Als der letzte Satz über meine Lippen glitt und mein Mund den Text wie ein Gedicht aufsagte, vernahm ich eine ungewollte und schaurige Leere in mir. Das Mädchen, was ich einst bekämpft, gefürchtet und, ja, sogar gehasst habe, sie war auch diejenige gewesen, die so viel Leid ertragen musste. Ich wusste, dass ihr Leben um Einiges schlimmer und grausiger verliefen war, als das von mir. Doch die Details zu hören, wie sie geschlagen wurde, wie sie grundgenommen behandelt wurde, erzeugte in mir eine Wut und eine unfassbare Traurigkeit, die ich in diesem Moment niemanden gewünscht hätte. Wie konnte jemand so etwas einem 15-Jährigen Kind antun? Fireempress war unschuldig gewesen, und größtenteils naiv. Das S.H.I.E.L.D, das aus der anderen Dimension, war sündig. Und ich hasste diese Organisation so abgrundtief dafür, dass ich vergaß, was das frühere Opfer mir eigentlich alles angetan hat. So viele Schmerzen, die sie mich lernen lassen hat, die ich noch in Erinnerungen behielt, waren wie vom Erdboden verschluckt und ungewollt baute sich eine angsteinflößende Sympathie zu ihr auf. Ich wusste, das war falsch, aber wem würde sie jetzt wohl nicht Leid tun? Ich wollte die restlichen Texte, die sie bestimmt geschrieben hat, mir gar nicht vorstellen. Vielleicht waren sie schauerlicher, horrender? Schon allein der Gedanke daran ließ meine Augen feucht werden. Was mir die ganze Zeit für ein Privileg geboten war, während sie tatsächlich behandelt worden war, als wäre sie ein elendes Stück Dreck. Sie war tatsächlich diejenige gewesen, die von uns eine Gefangene war. Beinah verhungert und misshandelt. Wie konnte ich mich bei solchen Dingen und Umständen beklagen, wenn mein zweites Ich so viele Taten hinter sich ergehen lassen musste, sodass S.H.I.E.L.D aus einem kleinen, unwissendem Mädchen eine Tötungsmaschine, ein Monster fabrizierte? Ich wünschte, ich könnte in die Zeit zurück reisen, vielleicht sogar in eine andere Dimension, um Fireempress in ihrer schwierigen Situation helfen zu können. Aber ich wusste, mir würde das nicht gelingen. Fireempress war tot.

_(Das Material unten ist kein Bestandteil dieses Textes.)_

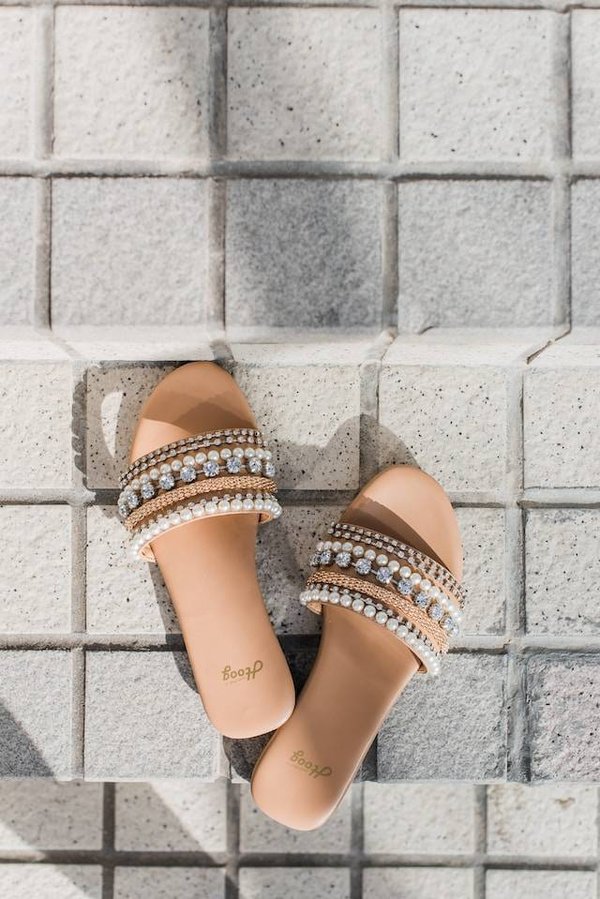 Comment choisir des sandales confortables pour les pieds sensibles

Im Raum war es totenstill. Keiner wagte es zu reden, zu laut sich zu bewegen, nicht einmal zu laut zu atmen, war bei einer solchen Situation gestattet. Ich wusste nicht, ob dem so war, weil sie so baff waren, dass ich die geheimnisvollen Schriften lesen und übersetzen konnte, oder weil ihnen Fireempress genauso leid tat wie mir. Aber in diesem Momen war es uns allen egal. Beide Überraschungen waren imposant, während die eine erfreulicher, und die andere schockierender war. Es war einfach kein Zeitpunkt, bei dem man Worte wechseln konnte. Und wollte.

---

Geistlich abwesend und in Gedanken versunken starrte ich auf das erneut veränderte Fenster, was mir nun einen kleinen Wald zeigte, durch den eine einsame Quelle floss. Ich stellte mir vor, wie ich mit dem Strom mitschwam. Wie viele Dinge ich wohl gesehen hätte. Kleine Fische, die von der wärmenden und lebendigen Sonne in einen Mantel, bestickt mit regenbogenfarbenden Schuppen, gekleidet worden waren, und hibbelig sich von der Strömung leiten ließen. Die Frösche, deren glitschige Haut dem giftigen Grün der Waldgräser glich, während sie sich in ihrer Umgebung umsahen, und nicht einmal die Hälfte der Schönheit erkennen konnte, wie ich es tat. Die Vögel, die den tänzelnden Tieren mit ihren klirrenden Tönen und Sängen begleiteten und ihr Gefieder die wunderschönsten aller Farben wiederspiegelten. Ich liebte alles an dem Bild vor mir. Jede noch so unbedeutende Kleinigkeit. Bei solchen ruhigen, entspannenden Momenten wurde mir häufig einiges klar.

Manchmal wünschte ich mir, dass ich jemand anderes sein könnte. Nicht Alice Bruce, das Mädchen mit den Superkräften, das jüngste Avenger Mitglied. Nicht Tony Stark oder Captain America. Vielleicht eines dieser Tiere in dem Wald. Eines, was keine Ahnung von der Welt hatte, in der wir lebten. Keine Welt mit Männer in Blechanzügen, Profikillern, grünen Physikern oder unmenschlich starken Amerikanern. Manchmal wünschte ich mir jemand Unsichtbares zu sein. Durch Menschenmengen gleiten, ohne mich zu fürchten. Ohne, dass jemand weiß, dass ich existend bin. Einfach mal für ein paar Sekunden nicht gegenwärtig sein. Mit niemanden reden zu müssen, oder Angst haben, angesprochen zu werden. Einfach auf Wiesen liegen und nicht gefragt werden, warum ich hier ganz alleine sei. Einfach mal nichts tun und alles um sich herum vergessen.